A GUI-based utility for splitting a large Excel file into smaller, more manageable chunks while preserving cell formatting, styles, and formulas. The application runs the splitting process in a separate thread to ensure the user interface remains responsive, providing real-time progress updates and a cancellation option 📊✂️
➡️ Read more about the project, its features, and development in my Medium story.
- Overview
- Key Features
- Installation
- Usage
- Project Structure
- Development
- Known Issues
- Contributing
- License
- Contact
SplitXL addresses the common challenge of working with massive Excel files that are slow to open, edit, and share. This tool provides an intuitive graphical interface to break down any .xlsx file into smaller files based on a specified number of rows.
The core strength of SplitXL is its ability to meticulously preserve the original file's integrity. It copies not just the data but also all cell formatting, styles, comments, merged cell ranges, and column/row dimensions.
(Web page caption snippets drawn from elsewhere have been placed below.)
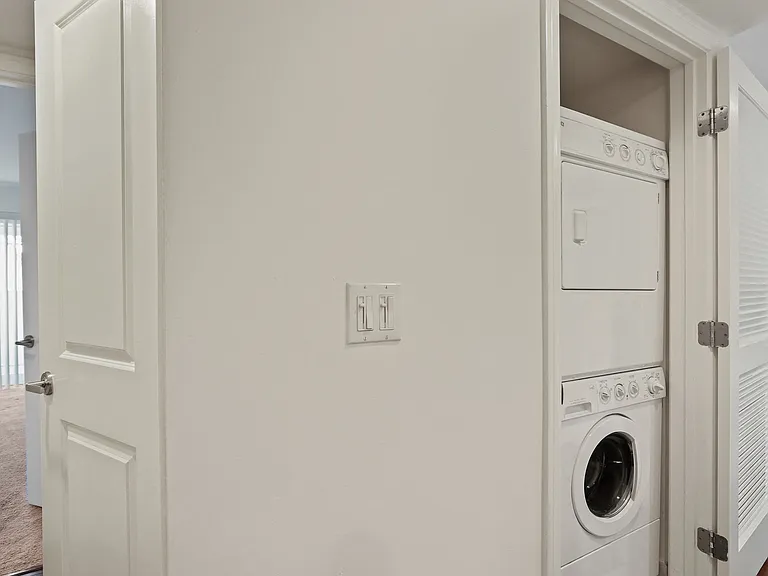 In-Suite Washer & Dryer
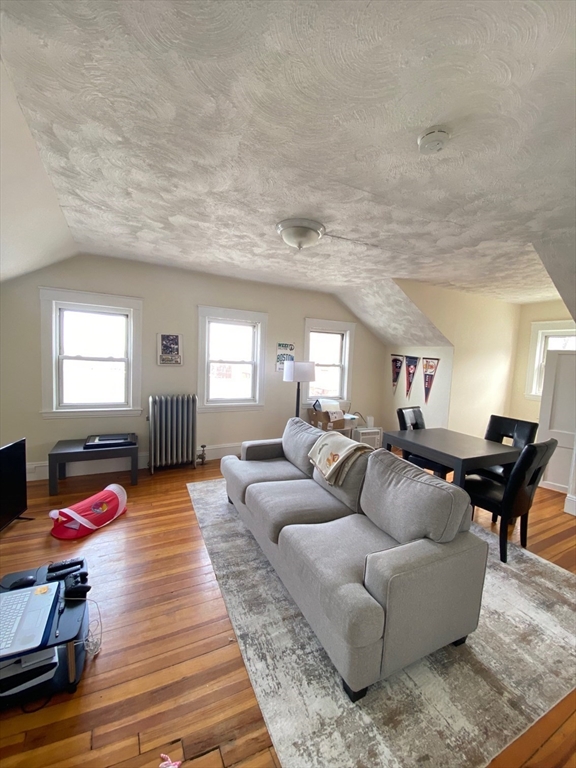 1 bed, 1 bath apartment for rent at 256 Corey Rd Unit 3, Brighton — photo 6 of 7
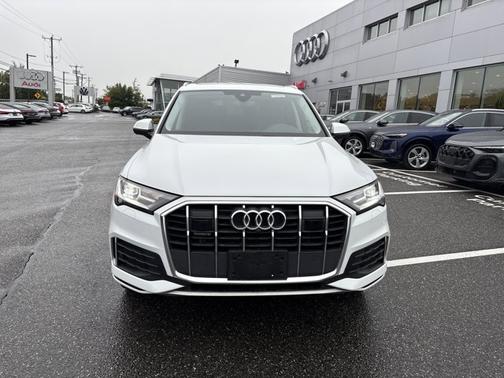 2023 Audi Q7 Premium Plus
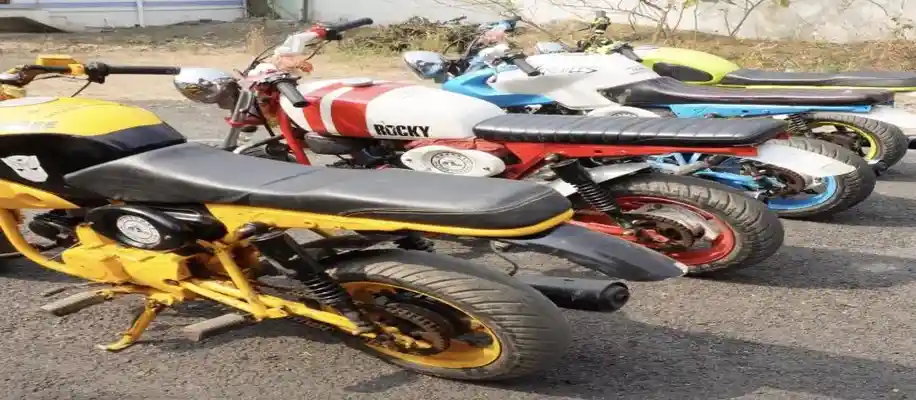 Dhanraj Motorcycles: पुरानी बाइकों को नया लुक देने वाला शानदार वर्कशॉप_8292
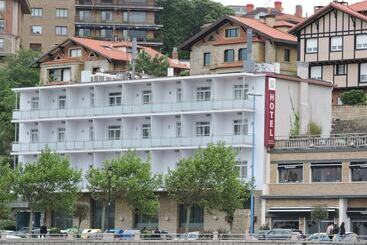 Отель Petit Palace Tamarises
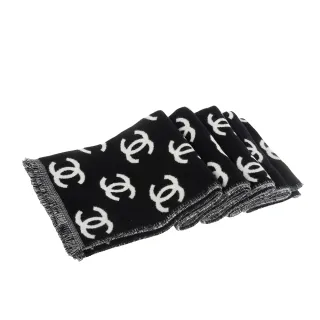 【CHANEL 香奈兒】新款滿版雙C LOGO羊毛圍巾/披肩(黑色/白色)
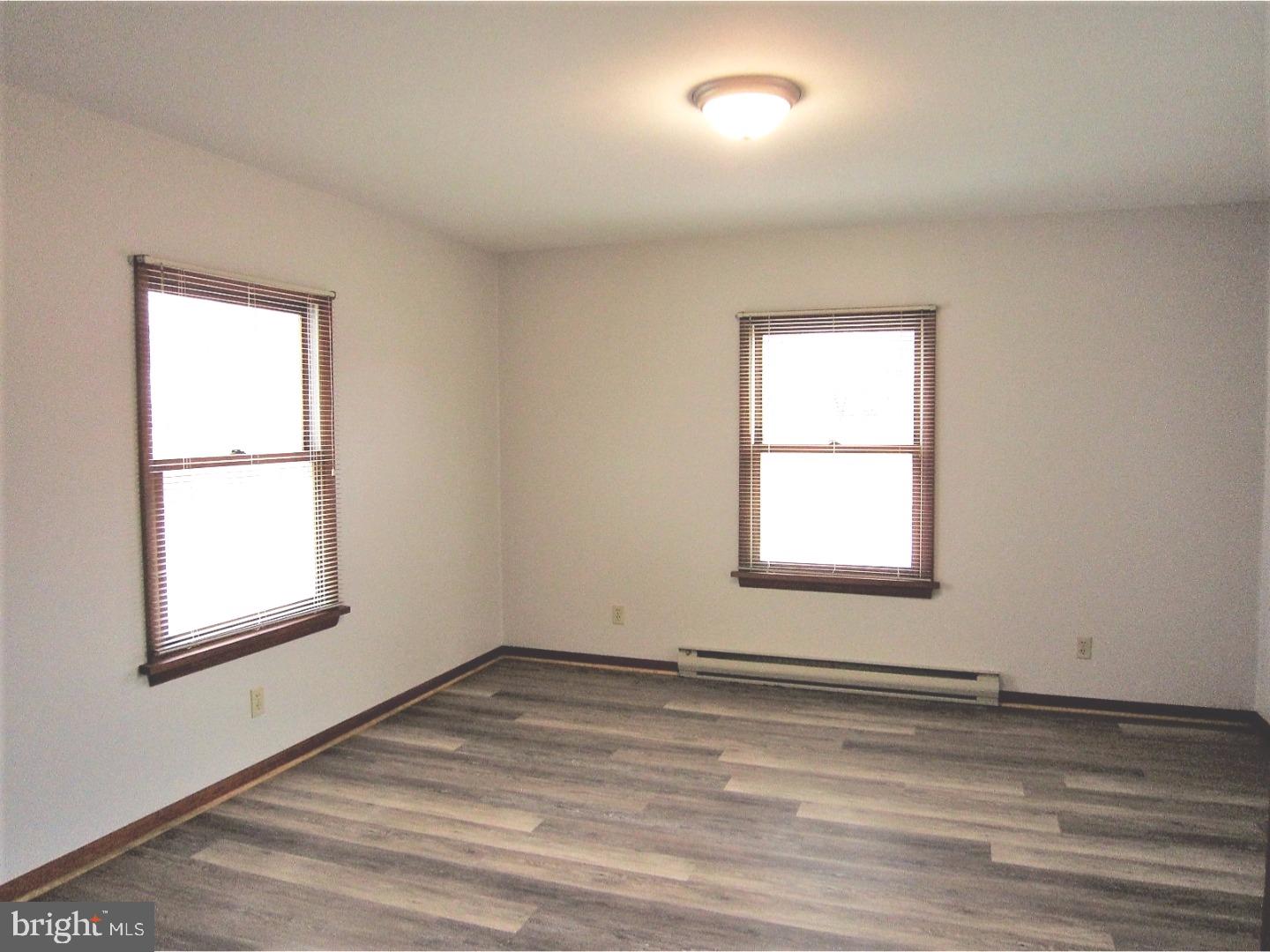 410 Longfield Road Newark, DE 19713 - Photo 11 of 20 Dining Room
The entire operation runs in a background thread, so the application never freezes, and you can monitor its progress or cancel it at any time.
A typical workflow involves:
- Launching the script and selecting an input Excel file.
- Choosing an output directory.
- Selecting between an Optimized (fast) or Standard processing method.
- Configuring the split parameters: data rows per file and header rows to repeat.
- Deciding whether to keep formulas or convert them to static values.
- Monitoring the non-blocking progress window.
- Receiving a summary report upon completion, cancellation, or error.
- Optimized Processing Engine: Features a high-performance mode that uses style caching to dramatically speed up the splitting process on files with extensive formatting.
- Rich Formatting Preservation: Faithfully copies fonts, colors, borders, fills, number formats, and alignments.
- Non-Blocking GUI: The splitting process runs in a separate thread, keeping the UI fully responsive.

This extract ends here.